Seorang membeli dari orang lain 1000 liter beras dengan dibayar 1.200 liter. Ya, mungkinkah itu terjadi? Mungkin kalau terjadi di dalam masalah kualitas ya, beras Anak Daro misalkan dengan beras misalkan beras Bulog ya pasti nilainya akan berbeda. Lalu mungkinkah akan membeli satu lawan satu? Tentu merasa rugi yang punya beras yang berkualitas. Nah, ketika berasnya sama, sama-sama beras yang 1000 ya dibeli dengan 1200 liter.
وَتَقَابَضَ الْمُتَعَاقِدَانِ الْعِوَضَيْنِ فِي مَجْلِسِ الْعَقْدِ
(Kedua-duanya menerima barang tadi di majelis akad).
فَالزِّيَادَةُ وَهِيَ الْمِائَتَانِ (Penambahan yang di situ adalah 200 ya). لَا مُقَابِلَ لَهَا (Tidak ada yang apa namanya lawannya). 1000 lawannya 1000 ada. Yang 200 ini mana lawannya? Ini di sini tidak ada ya. 1000 beras, 1000 beras. Ini ada lawannya yang 200 mana lawannya? Ini enggak ada ya. وَإِنَّمَا هِيَ فَضْلٌ (Dia adalah kelebihan).

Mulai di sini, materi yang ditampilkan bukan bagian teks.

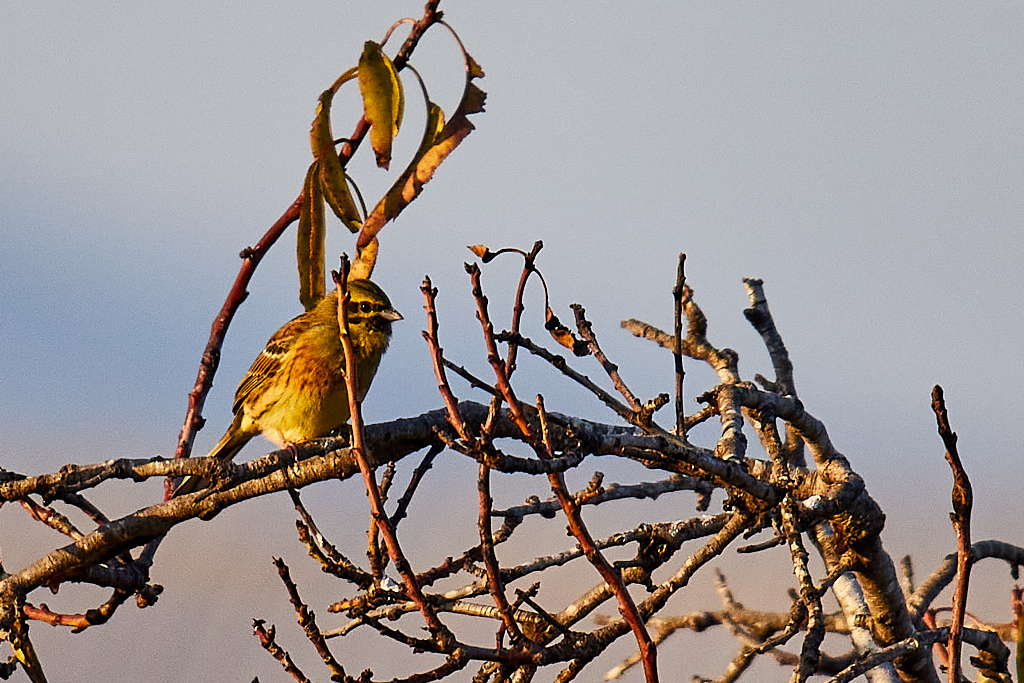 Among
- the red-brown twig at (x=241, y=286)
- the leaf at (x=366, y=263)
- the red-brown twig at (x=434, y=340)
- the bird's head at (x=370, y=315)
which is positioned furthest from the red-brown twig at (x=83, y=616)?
the bird's head at (x=370, y=315)

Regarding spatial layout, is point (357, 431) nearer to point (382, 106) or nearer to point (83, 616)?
point (382, 106)

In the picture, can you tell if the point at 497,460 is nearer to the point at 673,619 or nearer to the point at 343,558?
the point at 343,558

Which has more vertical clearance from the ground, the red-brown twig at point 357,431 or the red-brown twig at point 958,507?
the red-brown twig at point 357,431

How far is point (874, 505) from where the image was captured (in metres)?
4.56

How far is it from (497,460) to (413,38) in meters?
1.71

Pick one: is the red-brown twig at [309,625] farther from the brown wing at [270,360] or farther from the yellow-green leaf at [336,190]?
the brown wing at [270,360]

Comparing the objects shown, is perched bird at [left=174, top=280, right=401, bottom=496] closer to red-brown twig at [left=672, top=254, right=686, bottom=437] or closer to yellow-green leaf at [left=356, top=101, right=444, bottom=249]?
red-brown twig at [left=672, top=254, right=686, bottom=437]

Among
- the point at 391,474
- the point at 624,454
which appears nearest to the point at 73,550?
the point at 391,474

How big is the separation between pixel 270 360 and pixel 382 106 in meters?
4.10

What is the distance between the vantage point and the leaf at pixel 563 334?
3.47 m

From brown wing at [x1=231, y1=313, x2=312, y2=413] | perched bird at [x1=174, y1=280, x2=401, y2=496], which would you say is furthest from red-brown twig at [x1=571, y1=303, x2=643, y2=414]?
brown wing at [x1=231, y1=313, x2=312, y2=413]

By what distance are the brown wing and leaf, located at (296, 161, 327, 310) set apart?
3.61 meters

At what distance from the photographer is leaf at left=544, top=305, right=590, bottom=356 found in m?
3.47

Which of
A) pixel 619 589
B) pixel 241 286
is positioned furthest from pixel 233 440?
pixel 619 589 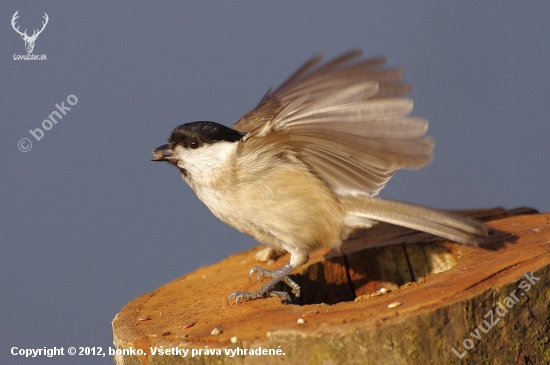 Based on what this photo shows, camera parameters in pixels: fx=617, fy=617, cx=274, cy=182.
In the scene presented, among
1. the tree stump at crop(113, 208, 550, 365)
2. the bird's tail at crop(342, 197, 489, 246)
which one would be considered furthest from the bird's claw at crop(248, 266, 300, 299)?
the bird's tail at crop(342, 197, 489, 246)

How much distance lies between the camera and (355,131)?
1839 millimetres

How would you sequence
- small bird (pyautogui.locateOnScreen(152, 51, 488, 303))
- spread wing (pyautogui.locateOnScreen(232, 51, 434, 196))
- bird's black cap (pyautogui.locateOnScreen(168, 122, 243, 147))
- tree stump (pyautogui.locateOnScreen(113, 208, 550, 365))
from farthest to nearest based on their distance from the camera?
bird's black cap (pyautogui.locateOnScreen(168, 122, 243, 147)) → small bird (pyautogui.locateOnScreen(152, 51, 488, 303)) → spread wing (pyautogui.locateOnScreen(232, 51, 434, 196)) → tree stump (pyautogui.locateOnScreen(113, 208, 550, 365))

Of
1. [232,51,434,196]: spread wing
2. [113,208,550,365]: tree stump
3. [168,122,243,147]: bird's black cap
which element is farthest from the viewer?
[168,122,243,147]: bird's black cap

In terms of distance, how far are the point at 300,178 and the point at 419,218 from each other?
1.37 ft

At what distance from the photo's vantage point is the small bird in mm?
1943

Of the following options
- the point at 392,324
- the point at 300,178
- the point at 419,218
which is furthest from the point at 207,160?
the point at 392,324

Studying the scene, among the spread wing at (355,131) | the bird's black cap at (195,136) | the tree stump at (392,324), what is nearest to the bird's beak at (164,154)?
the bird's black cap at (195,136)

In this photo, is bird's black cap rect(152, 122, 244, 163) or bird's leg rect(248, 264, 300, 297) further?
bird's leg rect(248, 264, 300, 297)

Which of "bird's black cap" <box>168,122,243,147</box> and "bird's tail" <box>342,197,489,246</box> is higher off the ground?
"bird's black cap" <box>168,122,243,147</box>

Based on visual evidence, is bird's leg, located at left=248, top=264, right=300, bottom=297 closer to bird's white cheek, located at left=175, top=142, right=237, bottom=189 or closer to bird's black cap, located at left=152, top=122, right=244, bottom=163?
bird's white cheek, located at left=175, top=142, right=237, bottom=189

Baik. Contoh yang lain. Ketika ibu-ibu mengganti gelang emasnya 10 gram dengan kalung 10 gram sama-sama emas ya. Yang seharusnya dilakukan adalah tinggal ganti yang 10 emas 10 gram dengan 10 gram selesai. Itu yang seharusnya. Tapi kenyataannya tidak. Apa yang terjadi? Yang 10 ini dengan 10 yang baru. 10 yang lama dia harus membayar 10 + 1 juta dengan dia mengambil 10 dari emas baru 10 gram. Yang 1 juta ini mana lawannya? Ini di sini tidak ada ya. Maka yang ribanya mana? Yang 1 juta itu namanya riba. Yang mana transaksinya pada saat yang sama, yakni pada waktu itu taqabudh serah terimanya, maka itu namanya Riba Al-Fadhl.
حُكْمُهُ (Hukumnya) adalah:
حَرَّمَتِ الشَّرِيعَةُ الْإِسْلَامِيَّةُ رِبَا الْفَضْلِ فِي سِتَّةِ أَشْيَاءَ
(Syariat Islam mengharamkan Riba Fadhl atau adanya penambahan di dari satu pihak pada enam jenis dari barang).
الذَّهَبُ (Emas), الْفِضَّةُ (Perak), الْبُرُّ (Gandum bur), وَالشَّعِيرُ (Gandum sya’ir), وَالتَّمْرُ (Kurma), وَالْمِلْحُ (Garam). Jadi garam termasuk ya apa namanya nilai riba.
فَإِذَا بِيعَ وَاحِدٌ مِنْ هَذِهِ الْأَشْيَاءِ السِّتَّةِ بِجِنْسِهِ حُرِّمَتِ الزِّيَادَةُ وَالتَّفَاضُلُ بَيْنَهُمَا
(Apabila dijual satu di antara barang-barang yang enam tadi dengan jenis yang sama, maka haram ada tambahan di dalamnya dan tidak ada yang lebih).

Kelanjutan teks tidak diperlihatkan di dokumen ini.